Output details
34 - Art and Design: History, Practice and Theory
Open University
Between God and the Saucepan: some aspects of art education in England from the mid-nineteenth century until today
This chapter provides an innovative history of British art education from the mid nineteenth century to the present. It offers a challenge to the normative interpretation; this history has previously been read through the lens of education-oriented interpretation (cf Macdonald, 1970). In contrast, this chapter argues the necessity to take into account the relation of changes in art education to changing paradigms of art practice. These latter are traced through academic classicism, modernism and conceptual/postmodernism, demonstrating the impact of shifts in art practice to evolving assumptions about what an art education should encompass.

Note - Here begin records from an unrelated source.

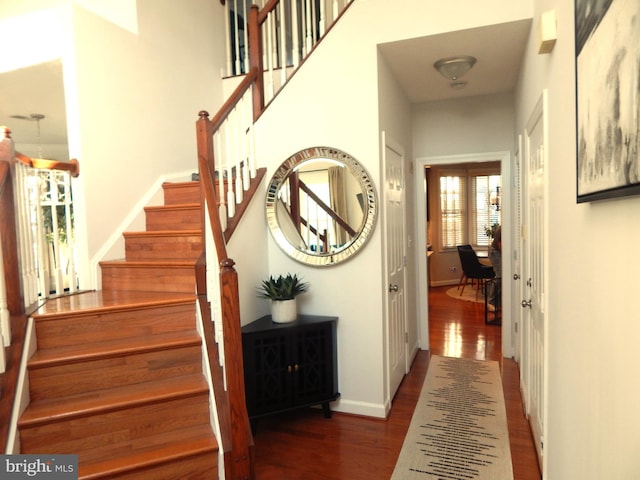 stairs featuring wood finished floors and baseboards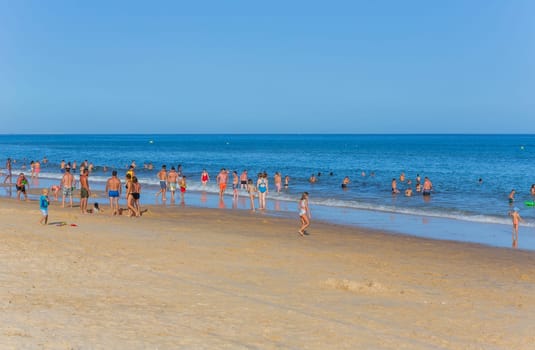 Tavira, Portugal - August 15, 2023: People at the famous beach of Tavira island in Tavira. This beach is a part of famous tourist region of Algarve.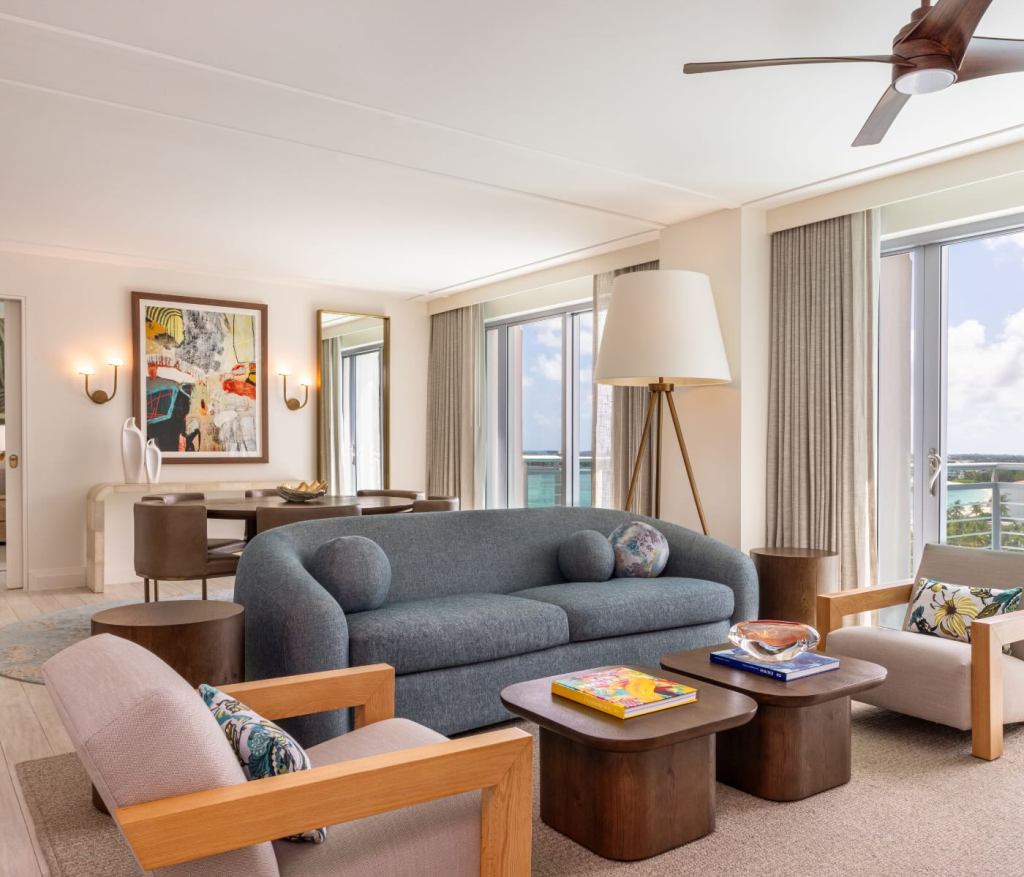 a living space with a blue couch, large floor lamp and two white chairs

The chapter provides a distinctive intervention in contemporary debates within the field about priorities at the present time. It does this by offering a significant reinterpretation of the history of the field. By exploring historical shifts from an artisan based NDD, to the degree equivalent of the Dip.A.D, through to the current B.A., the chapter emphasises the continuing impact of government policies on the politics of art education, up to and including the current bureaucratisation of research. It raises serious questions for the future of art education, especially the relationship of theory to practice in a context increasingly influenced by the market.
The chapter draws on extensive archival research in areas ranging from practical art and design education to changing government policy initiatives. Sources included the periodical literature, more synoptic treatments and unpublished documents from the 1970s and 80s. The chapter is both empirically grounded and closely argued, drawing on both primary pedagogic engagement and theoretical situatedness.